In that sense it has been standard union practice to try to raise wages “when the opportunity offered,” that is, when profits have risen.

But there is something altogether new in, the UAW position, so new that we feel justified in calling it a revolutionary development – in union concepts. The UAW demands the right to examine the books, and on the basis of what it there sees, it proposes to tell the boss what it considers a legitimate wage, hence a legitimate profit, and with that to tell the boss what price is justified, hence the UAW demand is not the simple economic demand traditional in union struggle.
 

What Is New

Do not forget that the union’s slogan is “Open the Books.” Yes, the demand has been made before; so too, unions have previously sought to intervene in price regulation. The needle trades unions have, for example, asked to see the books. But never before has a major union in a major industry, the largest union in the world, made it the platform of its struggle for higher wages. The UAW’s action has introduced a new and far-reaching element into union activity, more correctly it has introduced a new concept into union politics. This will become established trade union program because its logic is irresistible, and it creates the possibility of further advance.

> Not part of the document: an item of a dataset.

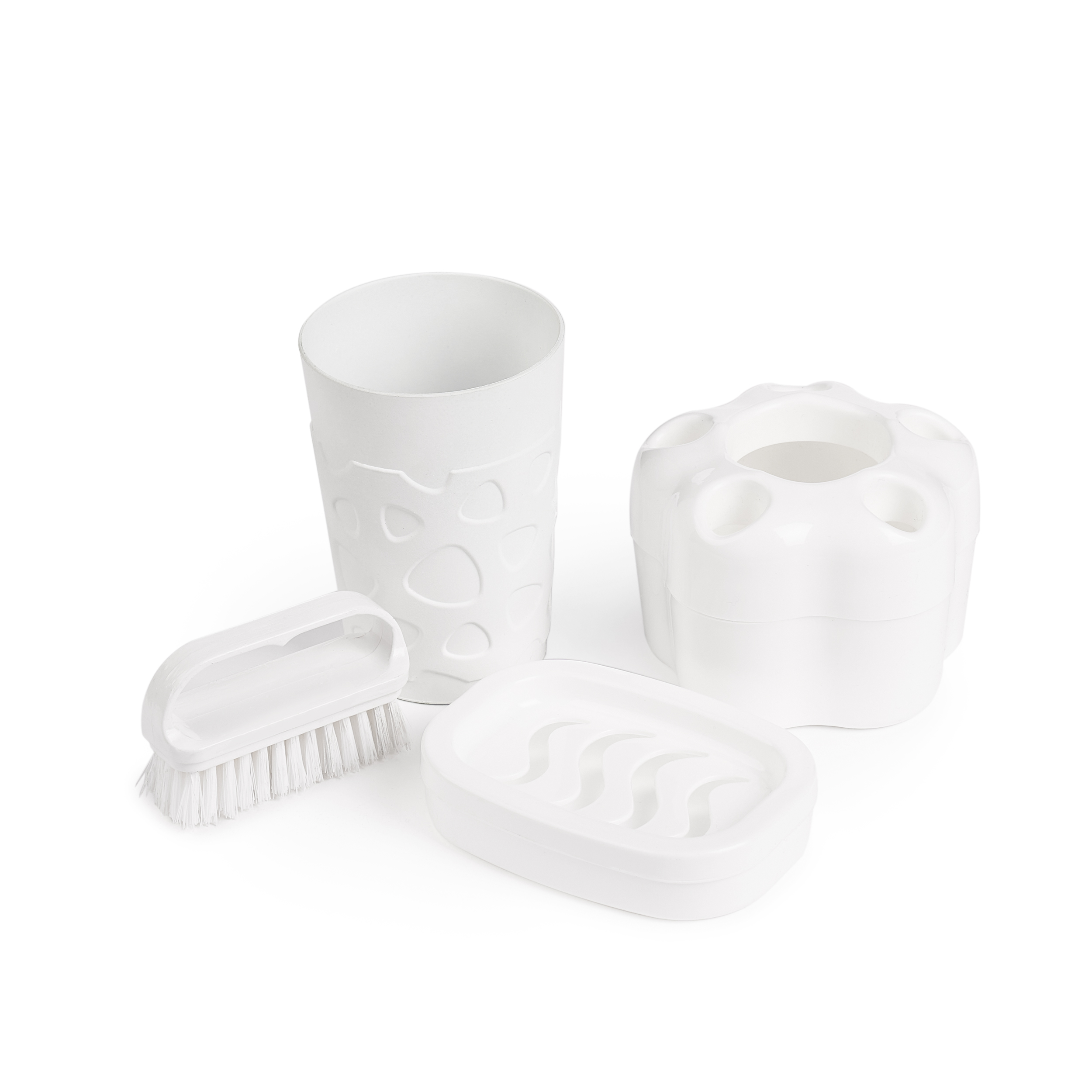 Set accesorii baie PLASTINA, 4 piese, alb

No, it will not abolish capitalism. But it makes a dent in the capitalist system. That we tried to prove in last week’s article. It is one thing to demand higher wages, to argue, in demanding higher wages, that profits are sufficiently high to make the increase possible. It is entirely different to tell the corporation: we’ll examine your books, and we’ll decide the size of your profit along with the size of our wages. Isn’t that equivalent to demanding a hand in the distribution of profits?

To be sure we socialists go further. We demand the abolition of the profit system altogether. But we recognize the tremendous advance it constitutes in union politics when workers intervene in the prerogatives of free enterprise, and weaken to that extent the capitalist system. The next and logical step is workers’ control of production, nationalization of industry and a workers’ government. For these in our opinion necessarily follow, and so we argued in our article. The entire issue of capitalist enterprise versus labor’s interests (and the interests of the great mass of the population) is raised and a challenge presented; equally well the issue of government, of politics. That is the point. We repeat, it is a tremendous advance.
 

Where the Letter Errs

Comrade Sid, however, asks this: suppose the books reveal lower profits, what then? In asking the question he overlooks, first, the value of the principal that the UAW is seeking to establish; second, the confidence of the auto workers to get what they want by action; third, the matter of agitation that is involved. No union ever started on a wage campaign by saying that the employer couldn’t pay. The UAW in making its wage demands does so on the basis of the corporation’s ability to pay, but in doing so introduces this new principle.

Will the union accept a wage cut if the books reveal the impossible? Of course not. We are quite sure that Reuther, and certainly the auto workers, would accept nothing of the kind. And why not? Because they have already demonstrated their advanced fighting position, by the very demand they have made, not to speak their confidence in themselves as a powerfully organized body of workers. We are not at all concerned with profits. Neither, we are sure, are the auto workers. They want a living wage regardless of profits. That is precisely where their slogan has effect. For they propose to distribute profits, to tell the boss that he cannot have as much as he wants. Be assured that the corporation executives. understand the implications of the UAW position. They understand too that workers who challenge “free enterprise” by demanding: “Open the Books,” will not bear the cost of profit losses by wage cuts.

We cannot exhaust the subject in this reply, or even in a lengthy article. We shall have to return to it again and again. For, permit us to use the word again, it is a revolutionary development.